Thursday, November 1, 2012

Old iPods

I have an old clunky 20 GB white iPod that contains most of the music I owned before.  I don't even know if I still have the computer with the iTunes with the library of all the CDs I had once owned and burned.  I thought it was on an external hard drive, but I'm not exactly certain where that hard drive is.

But that is an aside.

I took a trip across country in 2007, and the old clunky 20 GB white iPod died.  Pfft.  Done.  Couldn't be revived.  And it was horrible at the time because I was driving long days - going from friend to friend.  My father replaced it at Christmas that year with a first generation iPod Touch (with LESS memory) which has mostly been replaced by my iPhone.

All of the above is mostly verbal vomit dancing around the real topic of this post.
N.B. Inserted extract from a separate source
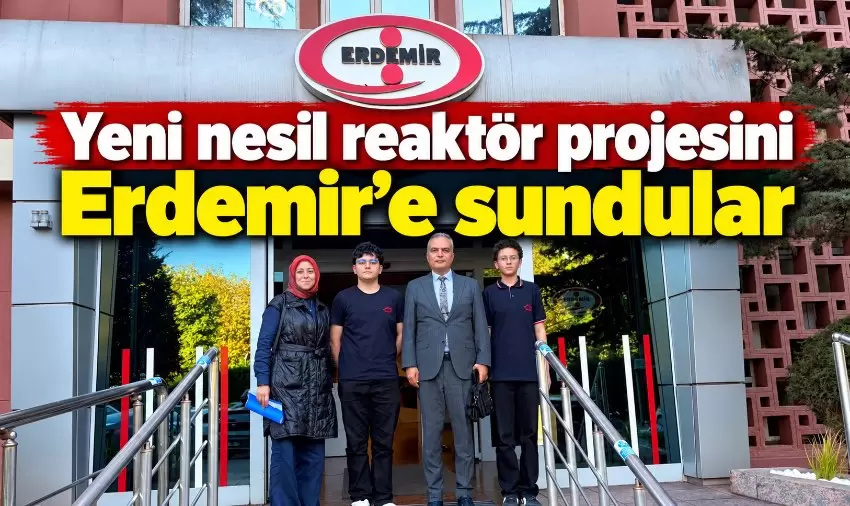 Fen Lisesi öğrencilerinden Erdemire çevre teknolojileri projesi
At some point, after Dad bought me the iTouch, I was surprised to discover the white iPod worked.  Still to this day no idea why.  But now I have this little (relatively heavy) archive of music I used to listen to. 

When I took off on that cross country trip, it was after having had a marriage counseling appointment that my wife had not come to.  The third such appointment for couples counseling that I attended singly.  In the eight years we had been together, I had learned (poorly) that when my spouse was in this angry place that the best thing to do was to give her space.  I sucked at it.  I wanted to fix things.  I wanted her to feel better.. and I wanted to do whatever I could to help her feel better.  But I couldn't.  The only way for her to feel better was to leave her be.  And that was hard.
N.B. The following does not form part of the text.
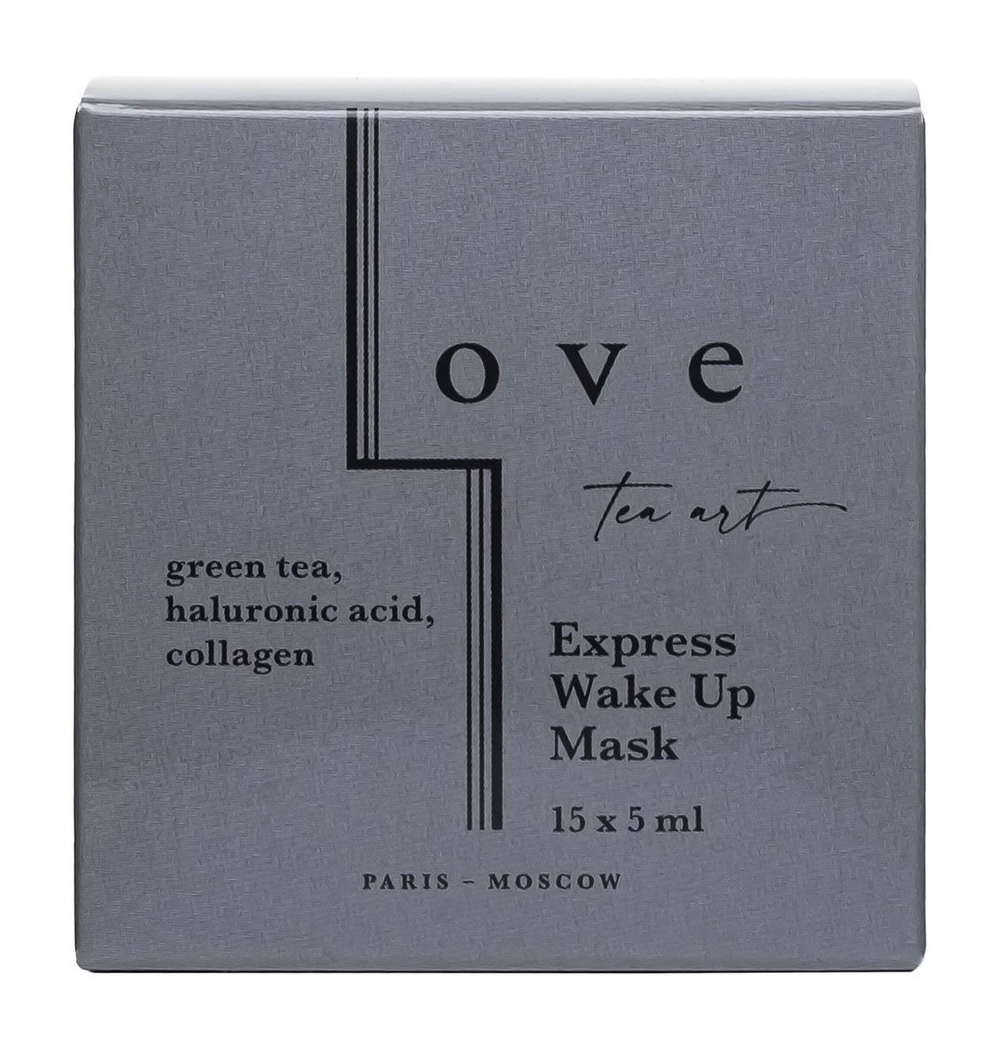 Love Tea Art Пробуждающая экспресс маска-детокс 15х5 мл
I was at a transition point in my life.  About to embark on a new job in a new career that I was scared about, but excited about, too.  At that moment in time, though, I had no employment obligations and this new career was likely to be all-time-consuming with little to no opportunity for future vacation and I had never driven across country, and really wanted to do so.  The lease to the car was about to expire, and since I had stopped the 100 mile daily commute two years earlier, we had plenty of miles pre-paid to spare. 

So I got home from counseling, packed up the trunk, and took off across the country.  It was a wonderful trip in so many ways, but bittersweet given the circumstances that partly inspired it. 

I had a lot of time on the road to think.  I needed it, too.  And I have to say that my faith in God grew much stronger on this trip.  Against all odds, frankly.  I remember driving through mountain passes and asking - out loud - what am I supposed to do?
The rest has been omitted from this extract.